L'Italia non può camminare verso il futuro con una classe lavoratrice fatta soltanto di precari seppur in parte finanziati dallo Stato. Se non c'è futuro per le famiglie dei lavoratori non c'è futuro per il Paese. Le politiche salariali e dei diritti seguite negli ultimi anni hanno introdotto disagio ed infelicità in milioni e milioni di lavoratori. Non è vero che c'è una crisi generale. La crisi è solo per una metà della popolazione che ha dovuto registrare una perdita di almeno il trenta per cento del proprio reddito mentre altre parti della popolazione si sono arricchite. Non ci vogliono grandi studi per vedere come i consumi natalizi si sono contratti terribilmente soltanto per le grandi masse popolari mentre i negozi di lusso e i consumi di lusso hanno registrato incrementi che saranno confermati in occasione del prossimo capodanno.
Pietro Ancona
http://medioevosociale-pietro.blogspot.com/
www.spazioamico.it



(*) "Negli ultimi nove anni il peso dei contratti a tempo determinato sul totale delle assunzioni previste dalle imprese è aumentato di 12 punti percentuali, passando dal 30,8% del 2001 al 42,6% previsto per il 2008 (pari a 352 mila assunzioni, allo stesso livello del 2007). Nelle imprese, tuttavia - rileva l’indagine - aumentano anche i contratti ’stabili’, che quest’anno dovrebbero superare le 392 mila unità, pari al 47,4% delle 827.900 entrate stagionali.

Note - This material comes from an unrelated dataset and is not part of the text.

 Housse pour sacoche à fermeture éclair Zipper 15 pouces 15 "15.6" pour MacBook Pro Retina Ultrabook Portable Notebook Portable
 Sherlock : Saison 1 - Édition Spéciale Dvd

Mentre rimane poco consistente il ricorso al nuovo apprendistato e al contratto di inserimento (rispettivamente 8,0% e 1,6%), e cala il ricorso al part-time (13,4%, a fronte del 15,0% del 2007), il contratto a tempo determinato, che le imprese usano soprattutto per far fronte a picchi di attività, sembra anche assumere sempre più il carattere di “contratto di prova”: lo confermano gli oltre 130 mila contratti a tempo determinato utilizzati proprio per “testare” nuovo personale. E considerato che per il 24% dei dipendenti a termine in forza presso le imprese nel 2007 si prevede una trasformazione in lavoratori a tempo indeterminato nel corso del 2008, la “flessibilità in entrata” sembra sempre più rappresentare una condizione “di passaggio”.

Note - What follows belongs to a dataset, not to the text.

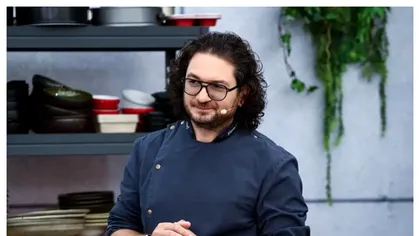 Prima reacție a lui Florin Dumitrescu după ce Antena 1 l-a dat afară de la „Chefi la cuțite”. Ce se va întâmpla cu emisiunea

La tendenza evidenziata dall’indagine Excelsior è confermata anche dall’Istat, che, analizzando la situazione nelle grandi imprese, indica un aumento costante dei contratti a tempo determinato: dal 64,9% del totale del 2000 hanno raggiunto il 72,7% nel 2007 (il 55,4% a termine), con un peso maggiore nei servizi (75,7%) rispetto all’industria (65,4%). La realtà del precariato italiano è comunque più contenuta rispetto al resto d’Europa: l’Italia, infatti, con il suo 13,2% di occupati a tempo determinato sul totale alla fine del 2007, si mantiene al di sotto della media dei Ventisette (14,5%) e ben lontana dai livelli della Spagna, dove i contratti a scadenza rappresentano il 31,7% del totale".